(Dataset records)

--- START ---

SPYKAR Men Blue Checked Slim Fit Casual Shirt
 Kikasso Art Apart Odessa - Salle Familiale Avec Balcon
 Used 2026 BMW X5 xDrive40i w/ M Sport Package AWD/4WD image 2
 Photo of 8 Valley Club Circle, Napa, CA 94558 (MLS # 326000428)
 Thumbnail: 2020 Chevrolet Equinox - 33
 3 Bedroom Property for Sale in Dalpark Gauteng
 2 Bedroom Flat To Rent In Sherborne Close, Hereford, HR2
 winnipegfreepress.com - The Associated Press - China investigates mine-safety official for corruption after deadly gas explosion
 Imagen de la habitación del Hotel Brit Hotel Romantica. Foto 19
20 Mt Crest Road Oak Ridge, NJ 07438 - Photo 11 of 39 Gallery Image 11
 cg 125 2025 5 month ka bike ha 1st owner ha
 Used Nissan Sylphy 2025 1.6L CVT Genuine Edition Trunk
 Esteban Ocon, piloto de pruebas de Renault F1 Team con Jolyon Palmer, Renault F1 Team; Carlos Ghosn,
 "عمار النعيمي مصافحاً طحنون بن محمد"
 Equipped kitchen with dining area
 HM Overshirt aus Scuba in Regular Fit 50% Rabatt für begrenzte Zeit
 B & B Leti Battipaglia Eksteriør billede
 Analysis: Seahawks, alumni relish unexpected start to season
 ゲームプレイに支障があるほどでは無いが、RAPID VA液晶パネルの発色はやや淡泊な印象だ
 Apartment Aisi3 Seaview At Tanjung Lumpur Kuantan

--- END ---

**WHAT YOU NEED TO DO**
Copy word for word the stretch of entries above from the line that has "النعيمي مصافحاً طحنون" through the line that has "Analysis: Seahawks, alumni", both ends included, and nothing outside it.

**COMPLETED TASK**
 "عمار النعيمي مصافحاً طحنون بن محمد"
 Equipped kitchen with dining area
 HM Overshirt aus Scuba in Regular Fit 50% Rabatt für begrenzte Zeit
 B & B Leti Battipaglia Eksteriør billede
 Analysis: Seahawks, alumni relish unexpected start to season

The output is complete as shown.